O caso é investigado pela Justiça Federal argentina junto com denúncias sobre compra e reforma de imóveis por centenas de milhares de dólares, em um escândalo que ganha um novo capítulo a cada semana.

Adorni resistiu no cargo com apoio do presidente e apresentou explicações consideradas insuficientes. Milei tentou mantê-lo até o último momento e, na manhã de sexta-feira (26), durante visita à Espanha, o presidente argentino chegou a afirmar que só o demitiria caso a Justiça o considerasse culpado de corrupção.

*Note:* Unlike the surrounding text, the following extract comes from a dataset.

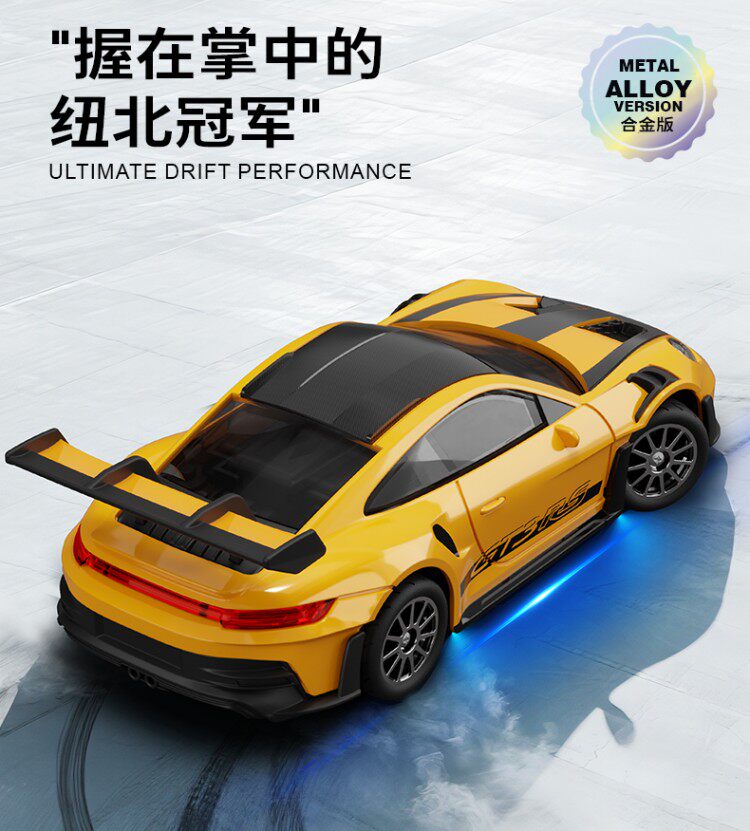 宏星RC漂移车合金四驱陀螺仪911遥控蚊车赛车模型全比例电动GTR遥控车详情9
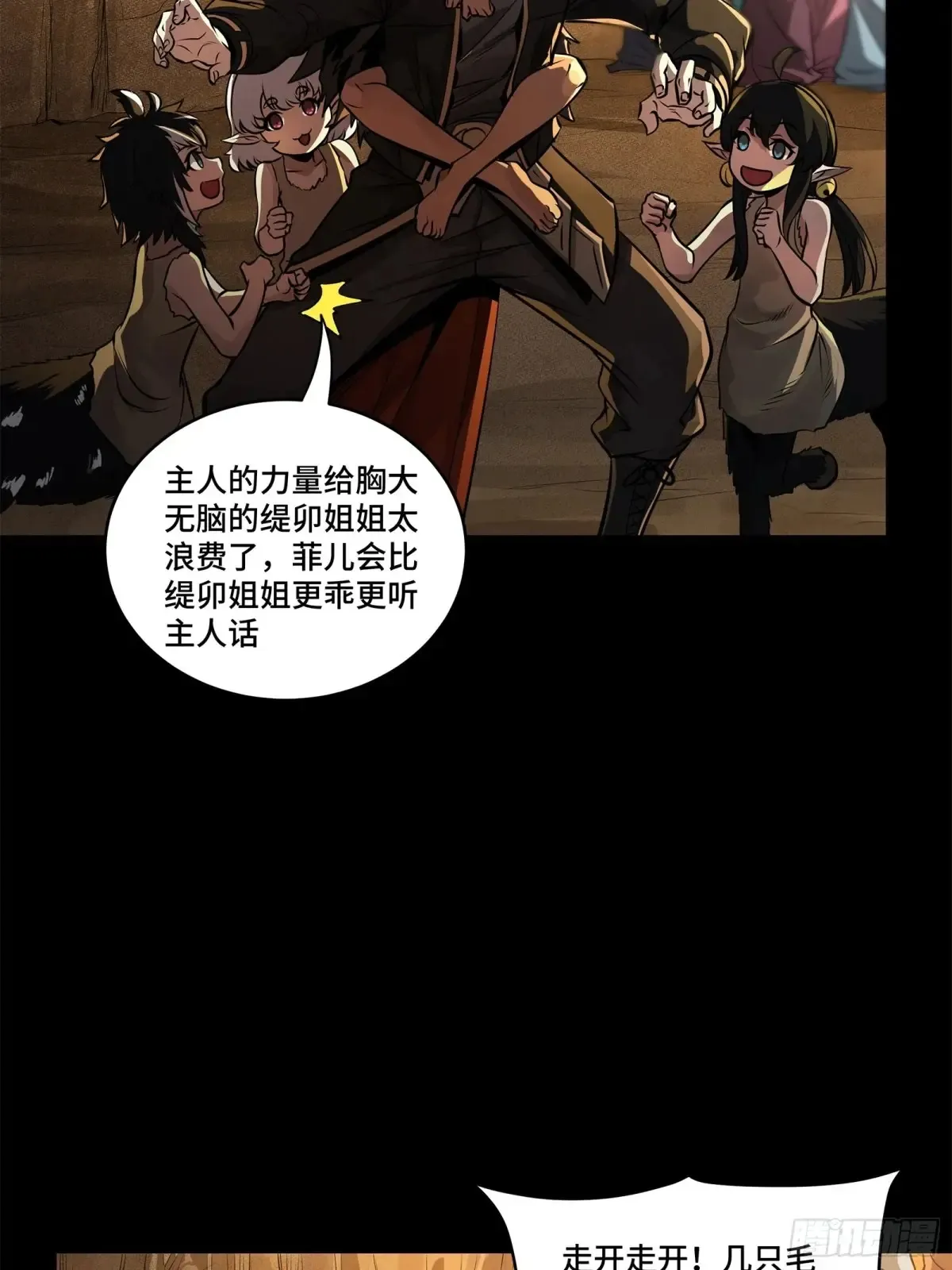 172 宋家影卫威远式65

Na carta, Adorni agradeceu à Milei: “Obrigado. Obrigado por compreender as razões e por me compreender: pela primeira vez desde aquele 10 de dezembro de 2023, estou a contrariar os seus desejos. Obrigado por finalmente aceitar a minha demissão desta vez.”

Adorni, de 46 anos, começou no governo como porta-voz presidencial em 2023 e passou à chefia de Gabinete em novembro passado.